I do agree with you, that programmers do not starve in todays world but
a lot of Open Source work is done by "normal" people, who are not being
compensated by anybody for their contributions.

I do agree that all the star Open Source developers are being paid
pretty well by somebody. Economically, this "somebody" calculates
indirect profit by enhancing the knowledge base, building up credibility
or whatever. If this somebody wants to donate something, fine as well,
but you cannot build an industry on donations.

The current structure will not scale, since the ecoonomics are not
clear. Do you think, any consulting group or other commercial entity
would feel bad, if they had income from Open Source contributions?

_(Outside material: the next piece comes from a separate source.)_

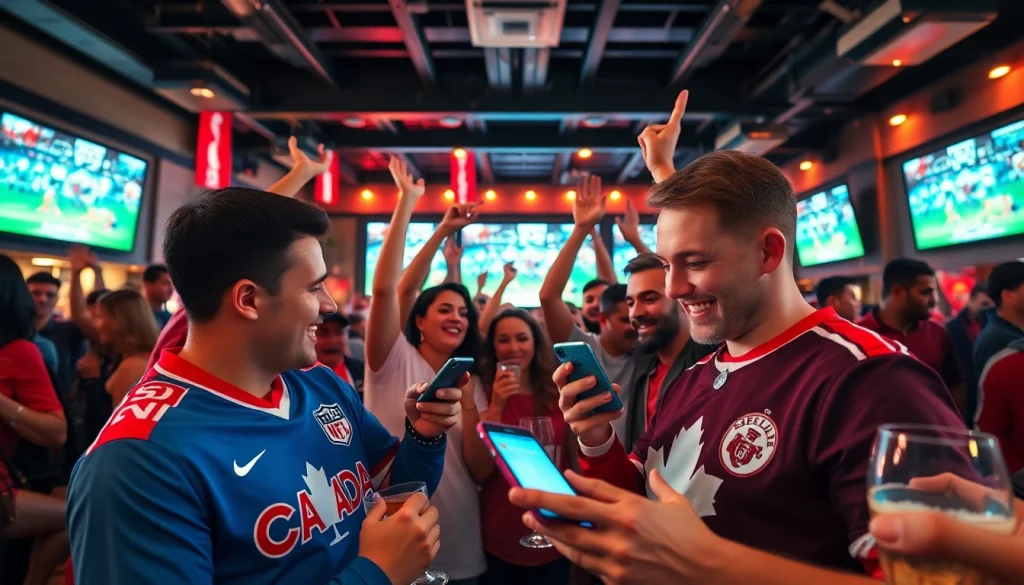 Engaged fans enjoying Canada sports betting, celebrating wins and using mobile devices in a lively atmosphere.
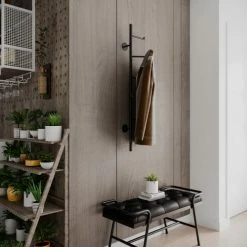 Potiron Paris Portemanteaux Et Patères Porte-manteau Mural En Métal, Coloris Noir -Meubles d'appoint Soldes porte manteau mural en metal coloris noir 2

> Actually what you are stating here is categorically false. Charging
> licence fees is not the only way to make money on your software. I know
> what I am talking about as I was the CEO of a open source software
> company for three years before my company's acquisition be VA. Our
> software was/is licensed under the GPL and we sold the software neatly
> packaged and also built a very lucratative consulting business around
> it. Our software is an e-commerce product and was/is sold at the highest
> levels of the enterprise. As everyone on this list knows you cannot
> require license fees and claim your product is open source. 


As of today, I do not know of Open Source Software, that asks for
License Fees. We are the first (to my knowledge) to do so and I think
that we will not be the only ones. Our customers did not mind to pay
fees for VShop 2.x (closed source) and I do not see any reason why they
should mind to pay fees for VShop3 since we are providing added value.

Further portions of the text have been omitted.